Within wheat flour allergen, house dust mite, storage mites and fungus (Aspergillus spp etc.) can be included and induce allergic responses.

Also atopy is a predisposing factor for baker’s asthma; I recommend doing skin test with common inhalant allergens in your environment to screen atopy status and to identify the causative allergens of underlying allergic diseases such as allergic rhinitis.

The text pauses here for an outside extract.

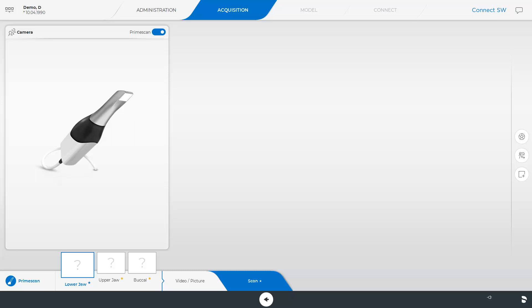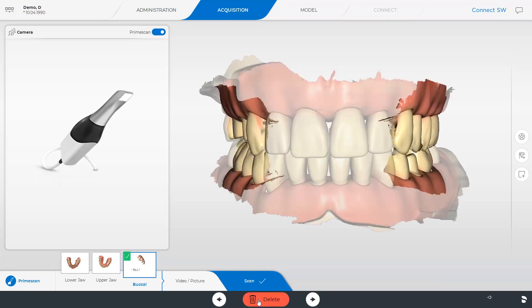Next, you will see the final 3D models scanned with the prime scan. As we have defined restorations in the upper as well as in the lower jaw, we have performed two full jaw scans and, in the case of the buccal image catalog, a bilateral scan was performed.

Also skin prick test or in vitro testing with wheat flour, house dust mite, storage mites and fungus should be checked.

Hae Sim Park, MD, PhD
Dept of Allergy and Clinical Immunology
Ajou University School of Medicine
Suwon, South Korea

By Prof Brett J Green

Occupational exposure to cereal flour and associated additives has been identified as determinants of allergic sensitization and work-related respiratory symptoms (baker’s asthma) among bakery workers [1]. During the last several decades, research has focused on sensitization to wheat (Triticum aestivum) due to the prevalence of this flour in bakery operations [2, 3]. Rye (Secale cereale), barley (Hordeum vulgare), buckwheat (Fagopyrum esculentum), and cereal malt flours are also utilized in bakeries and have been implicated in cases of baker’s asthma [1, 4-6]. To date, the role of other commercially available cereals such as maize, rice, sorghum, triticale, millet, and oats as determinants of occupational sensitization among bakery workers requires further clinical evaluation.